安倍政権を揺さぶる「毎月勤労統計」の闇

消えた給付金、脳裏によぎる「12年前の悪夢」

不適切な手法による調査が長年続けられていたことは重大な政治問題だ(写真:UPI/amanaimages)

厚生労働省が所管する毎月勤労統計の不正調査が、1月28日に召集された通常国会での与野党攻防の大きな火だねになっている。

与党内からも「言語道断」との批判が噴出、野党各党は「消えた給付金問題だ」と徹底追及の構えで、首相は28日の施政方針演説で謝罪し、徹底検証を約束するなど火消しに懸命だ。
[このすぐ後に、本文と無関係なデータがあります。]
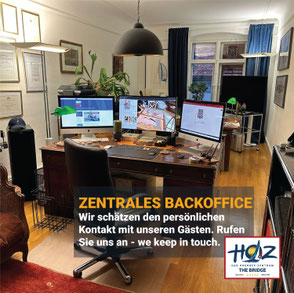 entrales Backoffice HOZ – Arbeitsplatz mit modernem Nautik-Equipment in St. Gallen.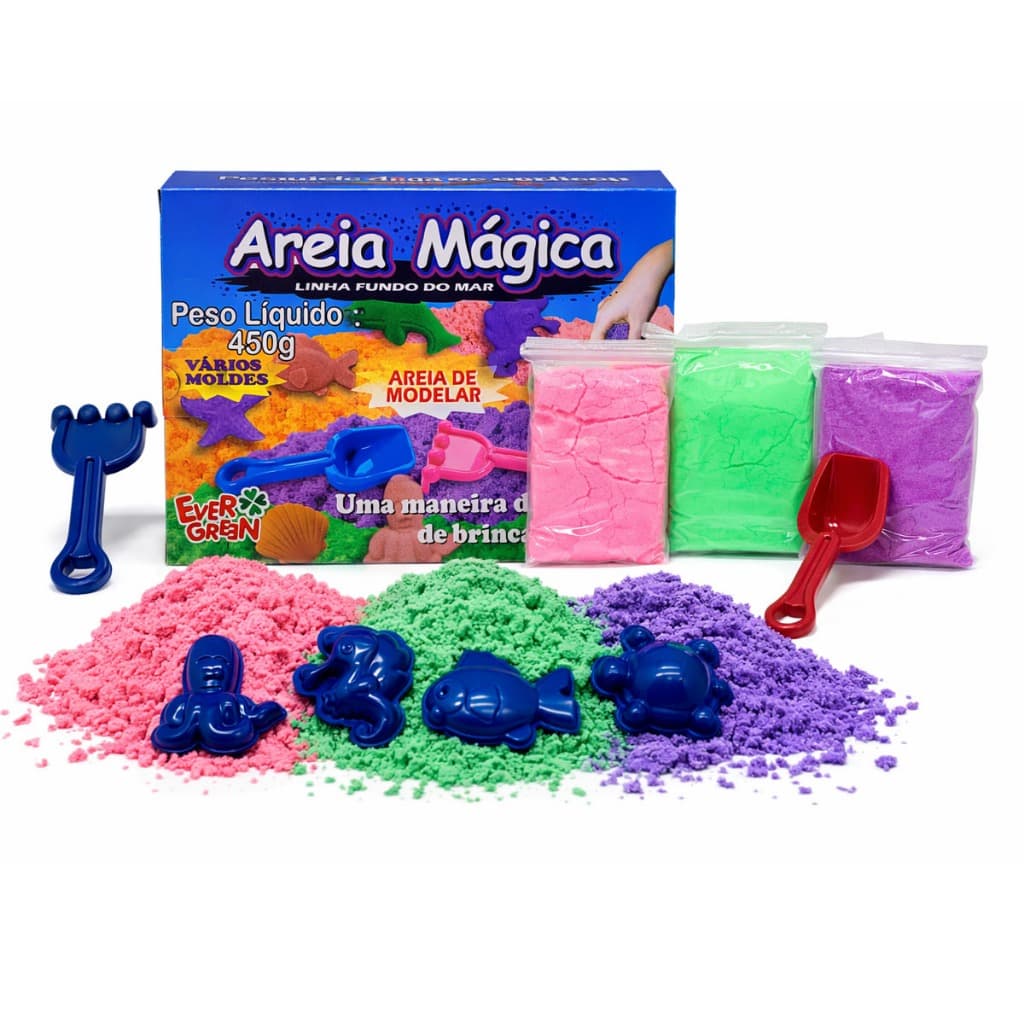Areia Mágica Fundo do Mar 8 Moldes e Pás - Kit Areia Mágica Infantil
今後の展開次第では、12年前に第1次安倍政権を直撃した「消えた年金問題」と同様、統一地方選や参院選での自民敗北という悪夢もちらついている。

不適切な調査は15年間も続けられた

霞が関や永田町で「毎勤統計」と呼ばれる同調査は政府の基幹調査の一つで、その結果次第で失業手当など雇用保険や労災保険の給付水準が決まる。それだけに、不適切な手法による調査が長年続けられていたことは重大な政治問題だ。

同調査は厚労省が全都道府県を通じて実施してきたものだが、従業員500人以上の事業所に対しては全数調査が必要なのに、東京都だけは全事業所の3分の1を抽出して調査していたことが昨年末に発覚した。地方より給与水準の高い東京都の数値が3分の1しか調査結果に反映されなければ、失業手当などの給付水準を算定するための平均賃金も実際より低めの数値が出てしまう。

しかも、この調査手法は2004年から2018年まで15年間も続いていた。その間の失業手当などの過少給付の該当者は延べ約2000万人、不足額は約570億円と推計されている。